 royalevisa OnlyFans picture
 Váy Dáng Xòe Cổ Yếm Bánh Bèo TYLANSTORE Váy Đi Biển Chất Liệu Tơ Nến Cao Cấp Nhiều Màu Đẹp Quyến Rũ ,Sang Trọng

...

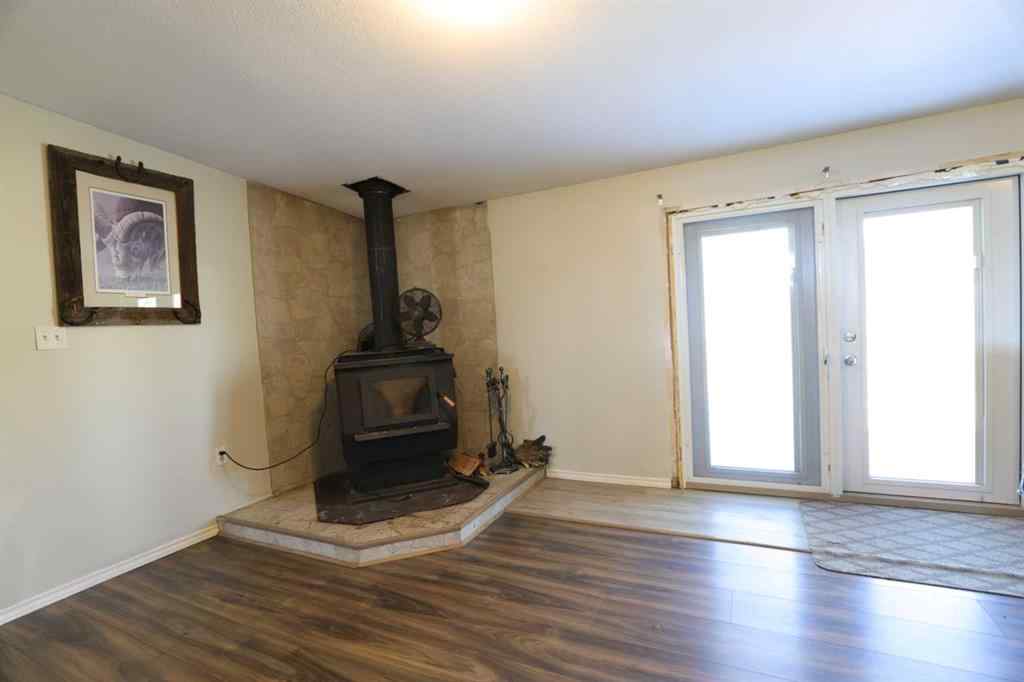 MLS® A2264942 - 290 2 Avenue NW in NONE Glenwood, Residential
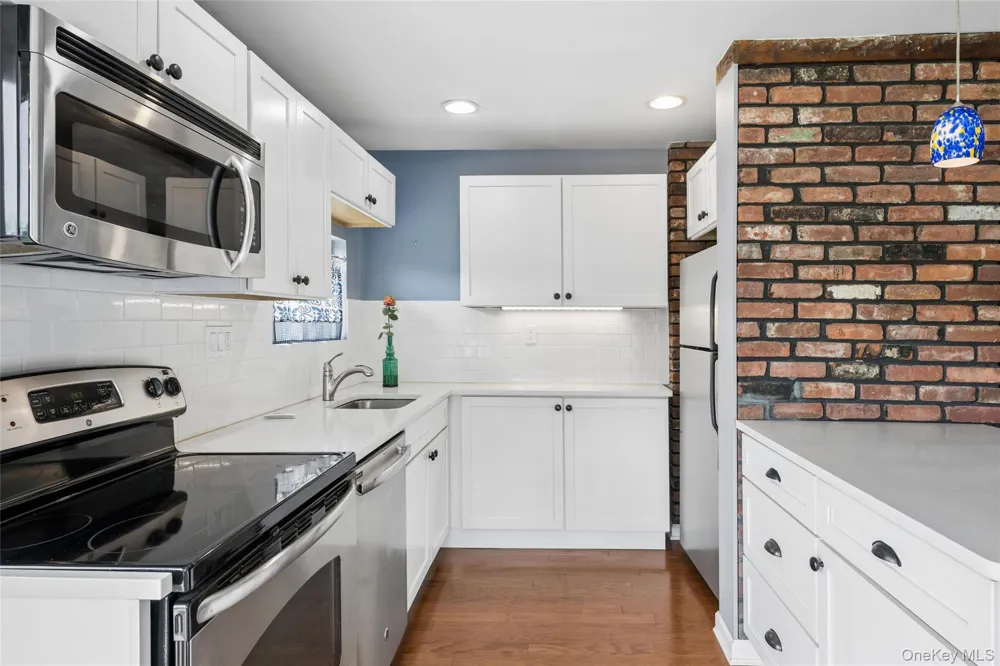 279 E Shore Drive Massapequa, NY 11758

* * *

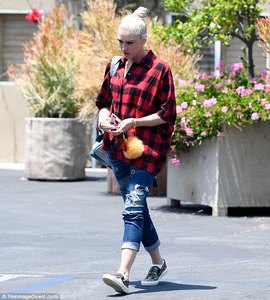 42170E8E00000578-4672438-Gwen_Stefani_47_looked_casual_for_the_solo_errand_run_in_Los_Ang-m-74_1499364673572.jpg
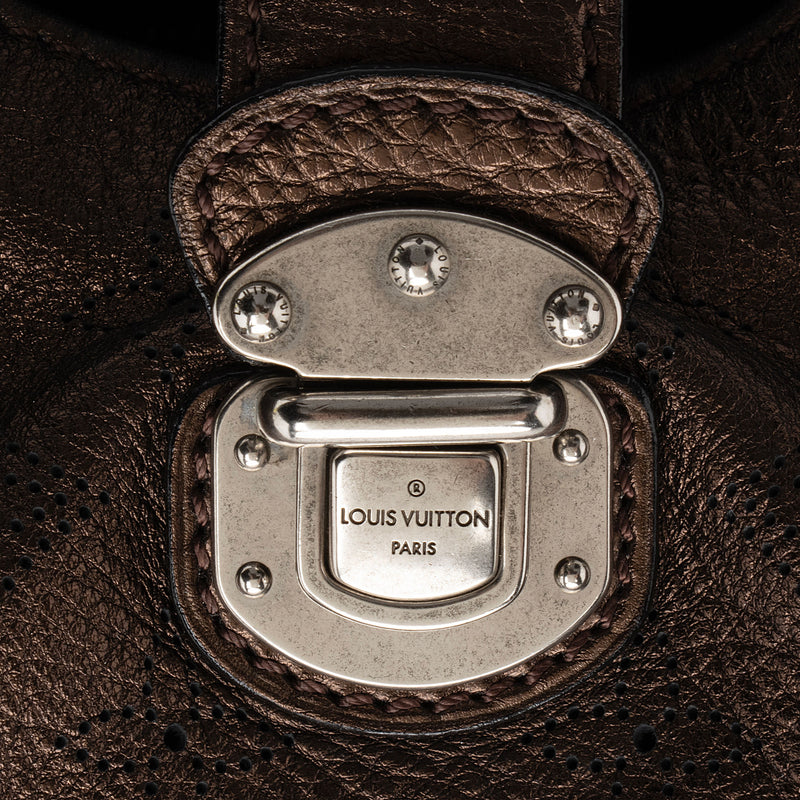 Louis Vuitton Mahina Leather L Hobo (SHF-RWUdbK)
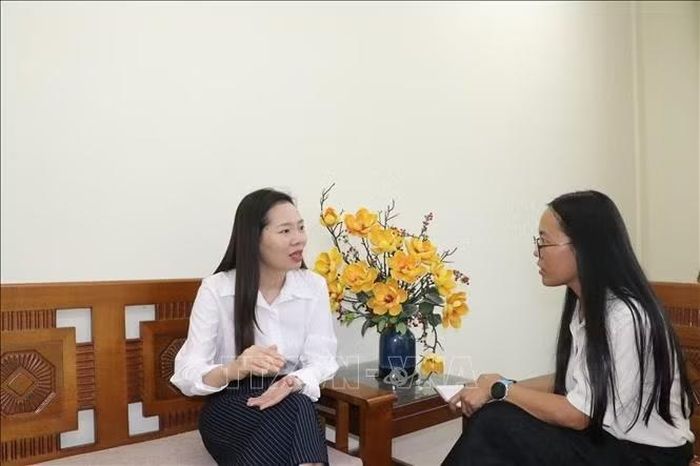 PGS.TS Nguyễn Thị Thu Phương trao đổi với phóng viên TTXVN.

WHAT YOU NEED TO DO:
From the records above, copy only the lines running from the line containing "MLS® A2264942 - 290" to the line containing "279 E Shore Drive Massapequa, NY 11758", both ends included. Leave the pictures out.

RESULT OF THE TASK:
 MLS® A2264942 - 290 2 Avenue NW in NONE Glenwood, Residential
 279 E Shore Drive Massapequa, NY 11758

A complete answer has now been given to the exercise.